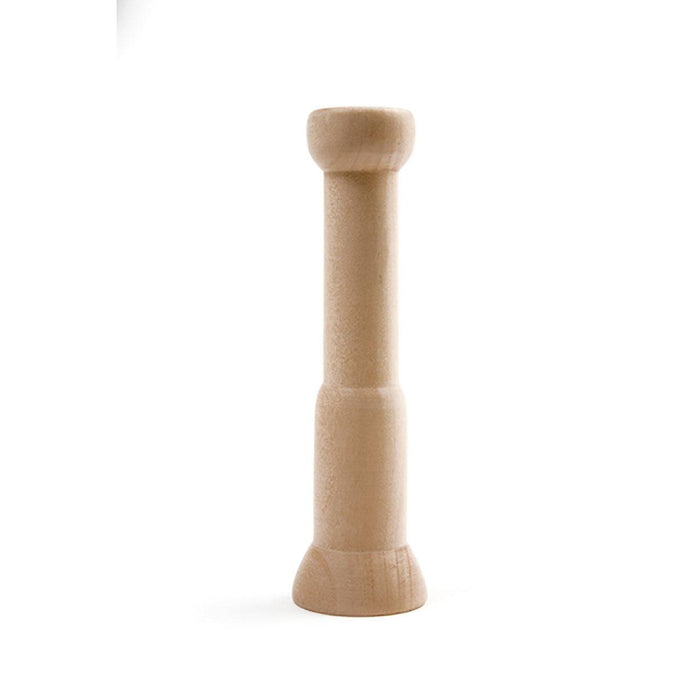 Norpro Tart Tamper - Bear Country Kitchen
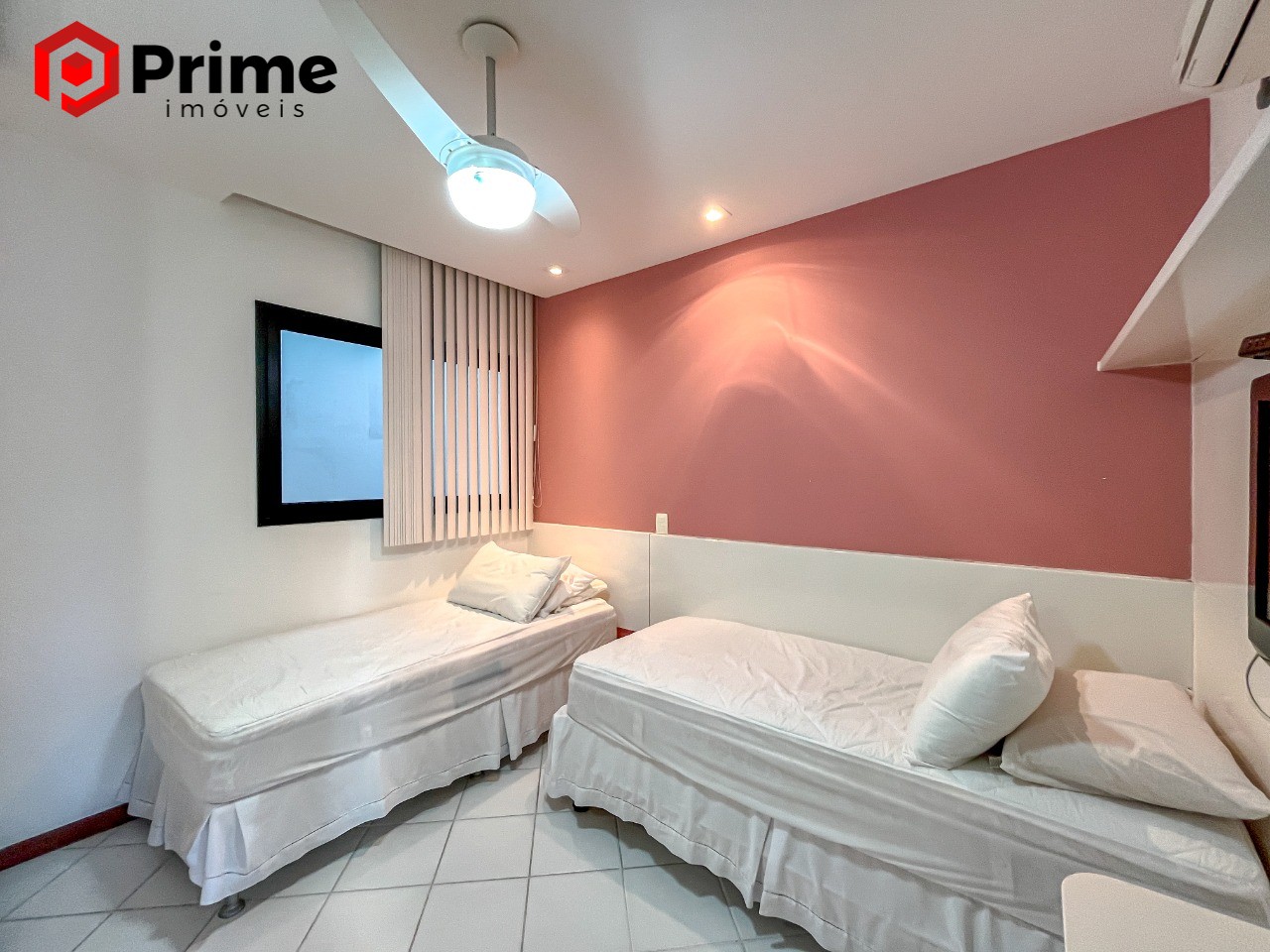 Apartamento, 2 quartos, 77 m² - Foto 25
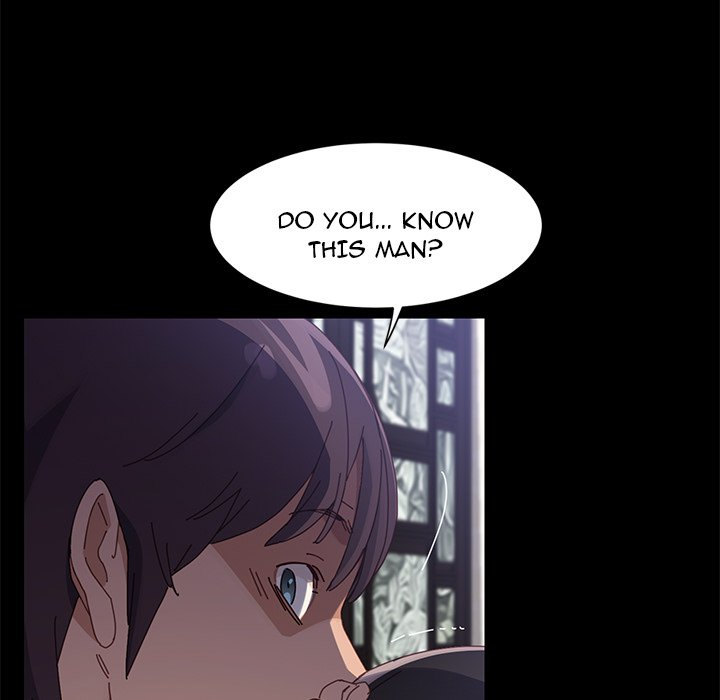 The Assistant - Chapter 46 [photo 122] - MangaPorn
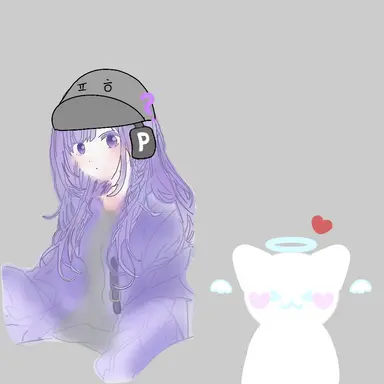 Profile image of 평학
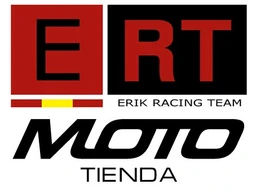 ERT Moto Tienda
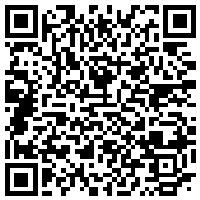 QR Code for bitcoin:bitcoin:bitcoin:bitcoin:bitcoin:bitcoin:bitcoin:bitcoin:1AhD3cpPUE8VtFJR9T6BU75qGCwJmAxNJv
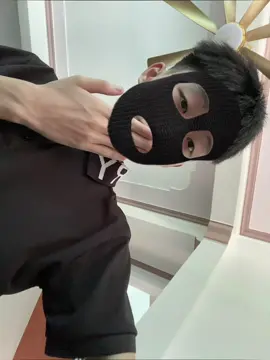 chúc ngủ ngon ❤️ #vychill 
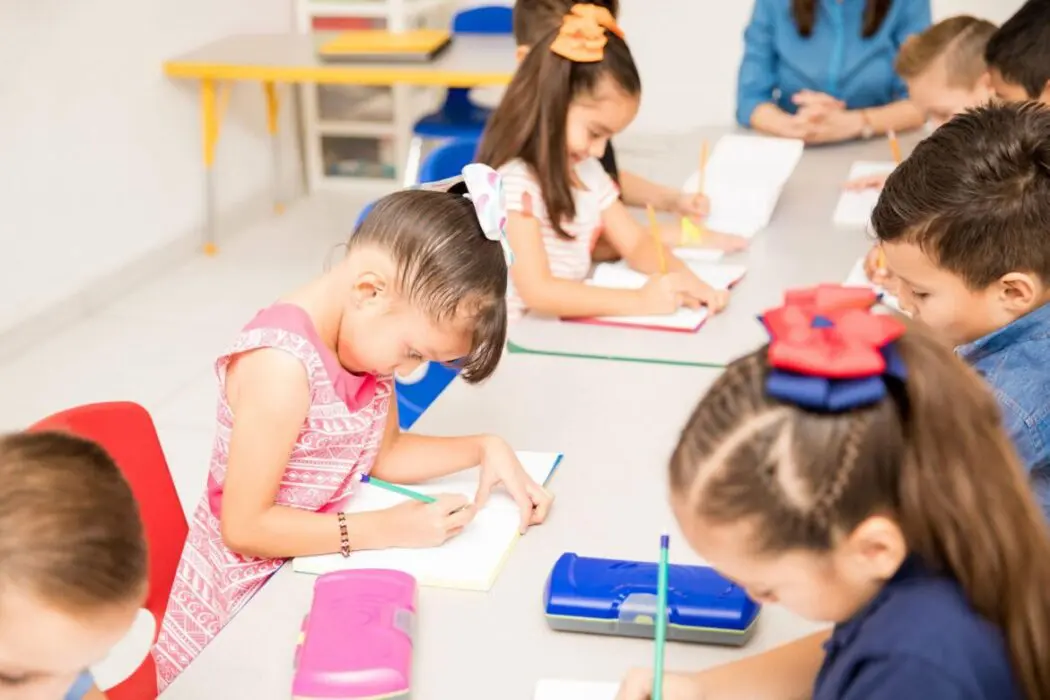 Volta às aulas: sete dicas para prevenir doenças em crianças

• _What the task asks_
Give the listing again exactly, excluding pictures.

• _Output of the task_
 Norpro Tart Tamper - Bear Country Kitchen
 Apartamento, 2 quartos, 77 m² - Foto 25
 The Assistant - Chapter 46 [photo 122] - MangaPorn
 Profile image of 평학
 ERT Moto Tienda
 QR Code for bitcoin:bitcoin:bitcoin:bitcoin:bitcoin:bitcoin:bitcoin:bitcoin:1AhD3cpPUE8VtFJR9T6BU75qGCwJmAxNJv
 chúc ngủ ngon ❤️ #vychill 
 Volta às aulas: sete dicas para prevenir doenças em crianças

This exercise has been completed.